[Material to process]
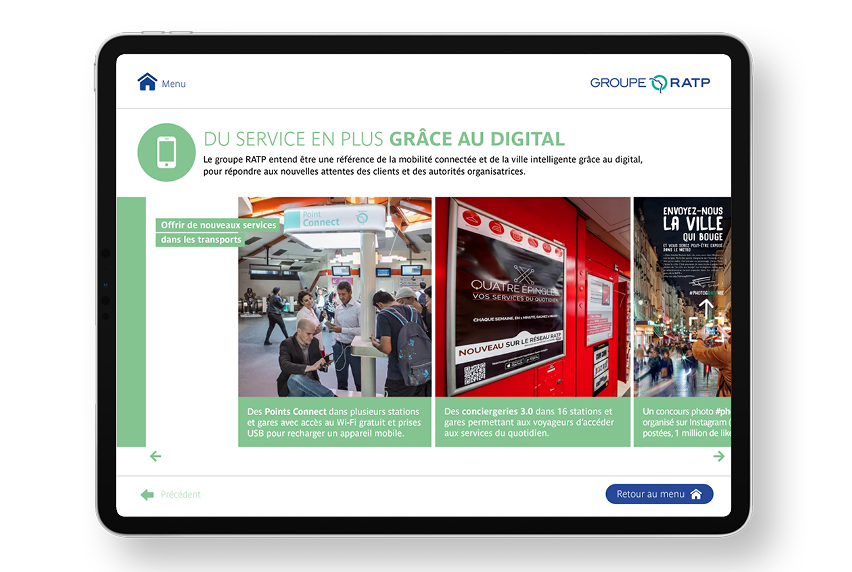 Template-RATP-GroupeApp5-2.jpg
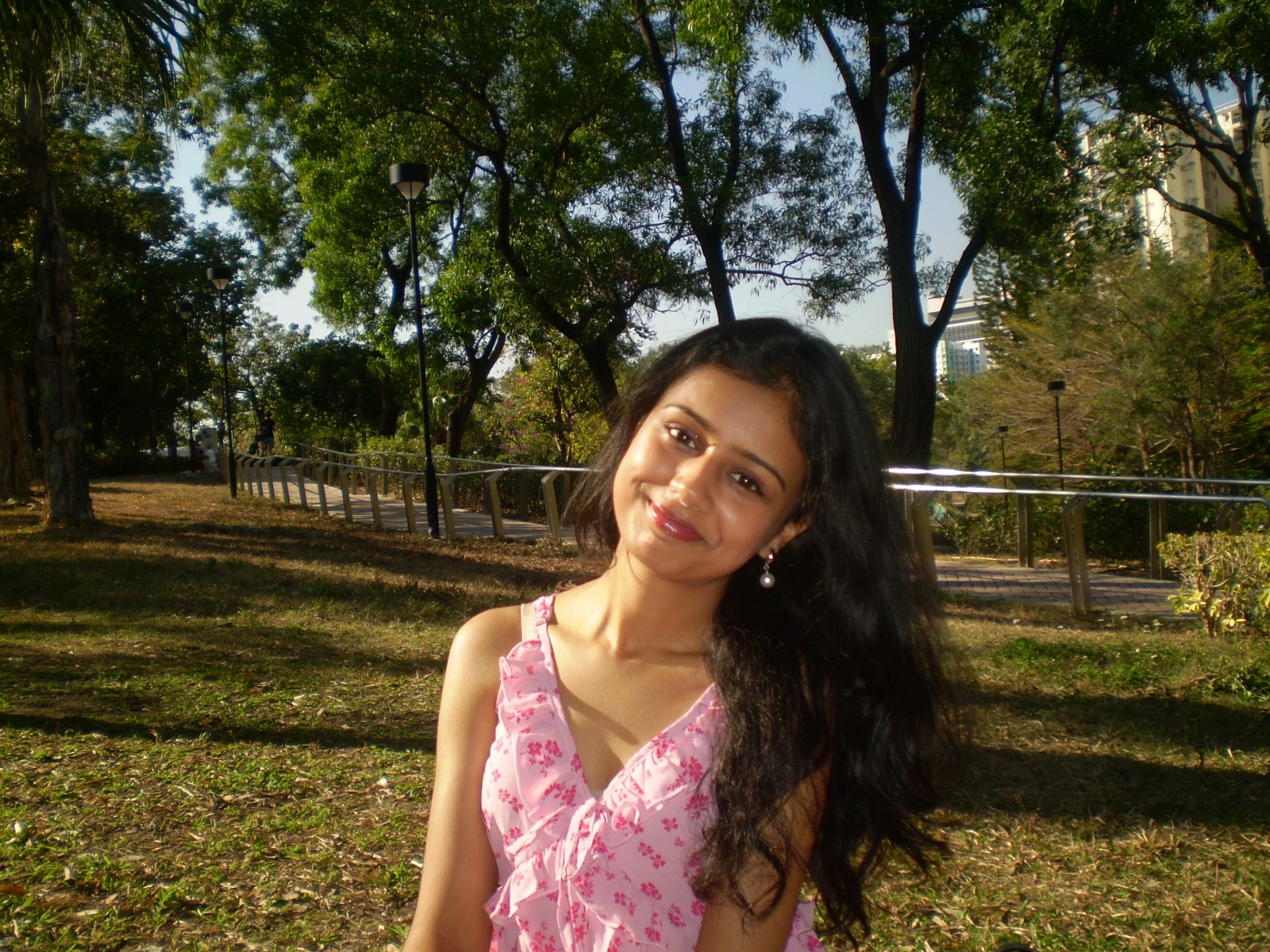 aarya
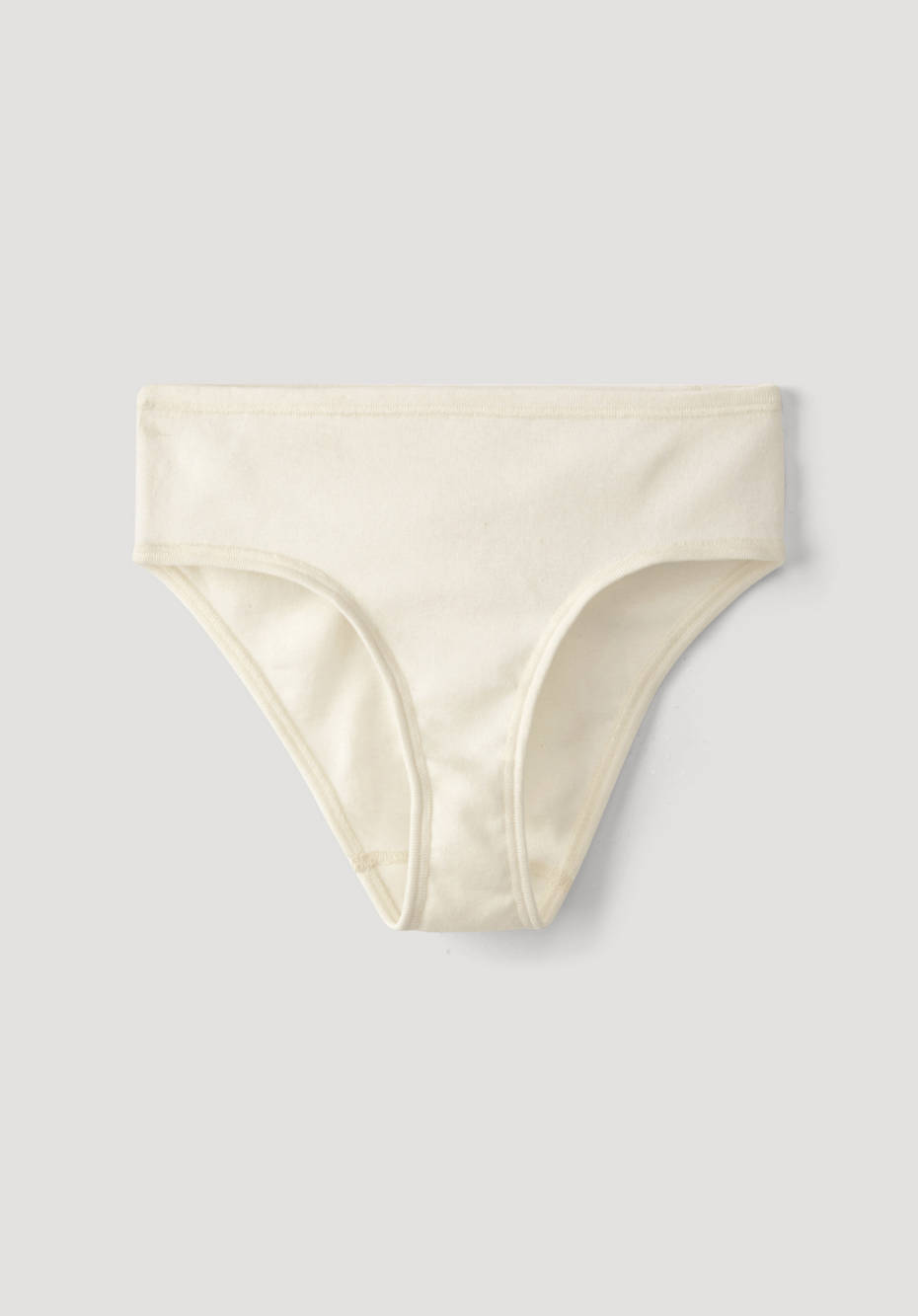 Hipster ModernNATURE aus reiner Bio-Baumwolle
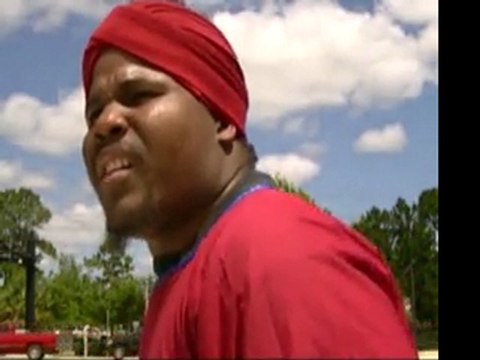 THE SPIRITS OF THE PROPHETS ARE SUBJECT TO THE PROPHETS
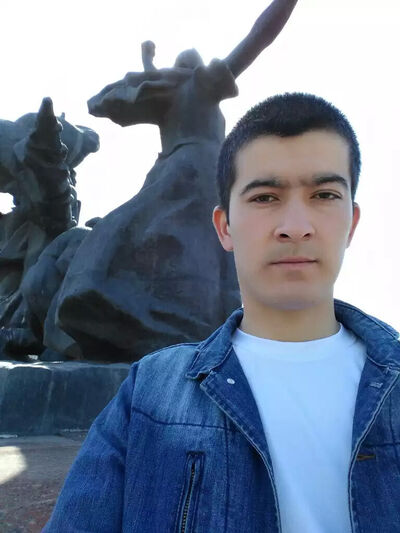  ,   Rahimboy, 32 ,   ,   , c 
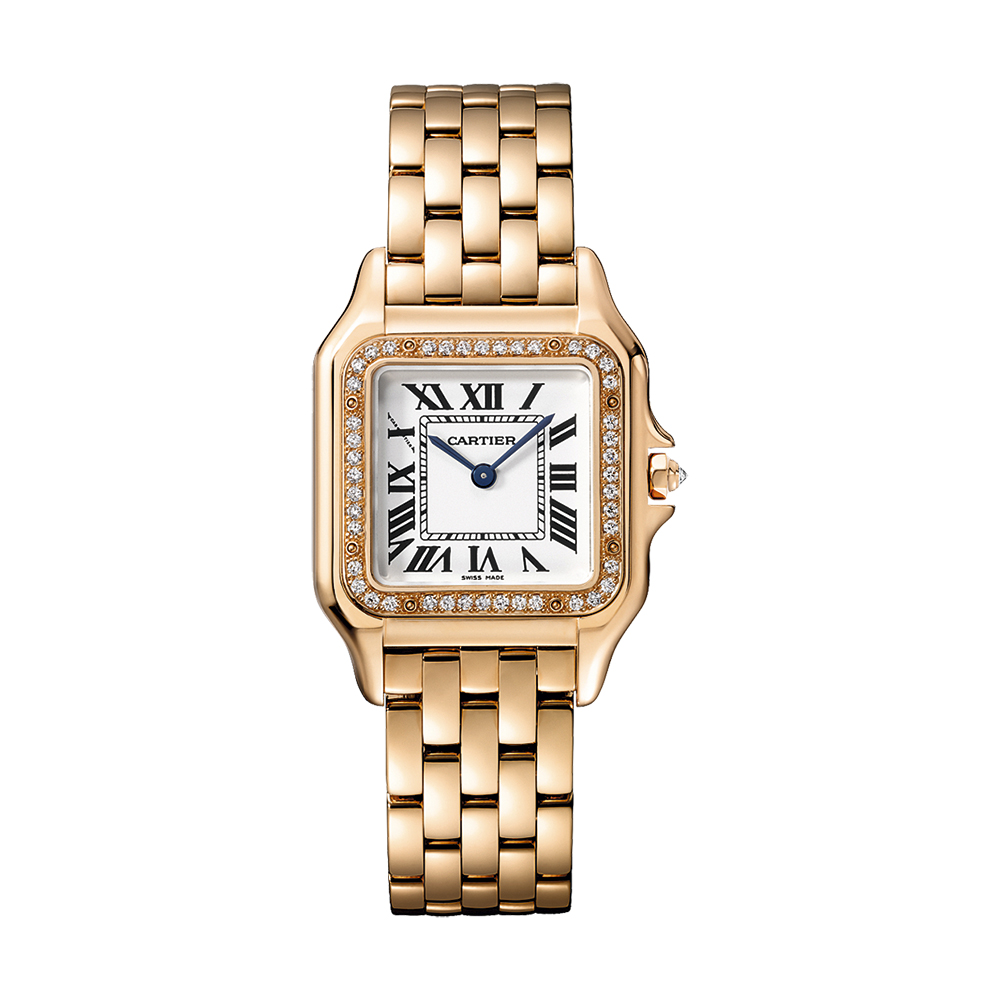 Panthere de Cartier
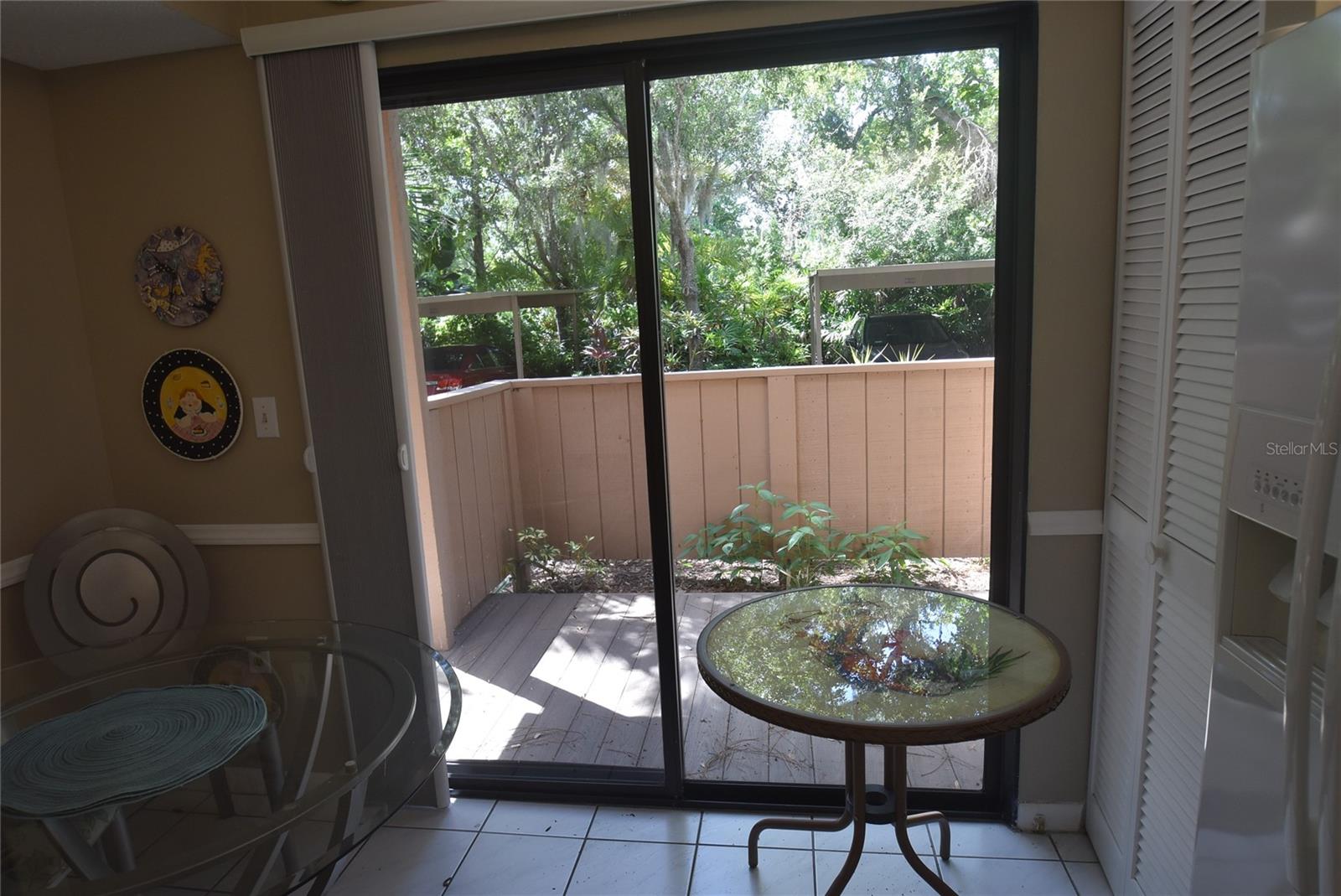 1709 CLOWER CREEK DR #BR 104 — photo 4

[Your objective]
Give back the data exactly, with no images.

[Output for this exercise]
 Template-RATP-GroupeApp5-2.jpg
 aarya
 Hipster ModernNATURE aus reiner Bio-Baumwolle
 THE SPIRITS OF THE PROPHETS ARE SUBJECT TO THE PROPHETS
  ,   Rahimboy, 32 ,   ,   , c 
 Panthere de Cartier
 1709 CLOWER CREEK DR #BR 104 — photo 4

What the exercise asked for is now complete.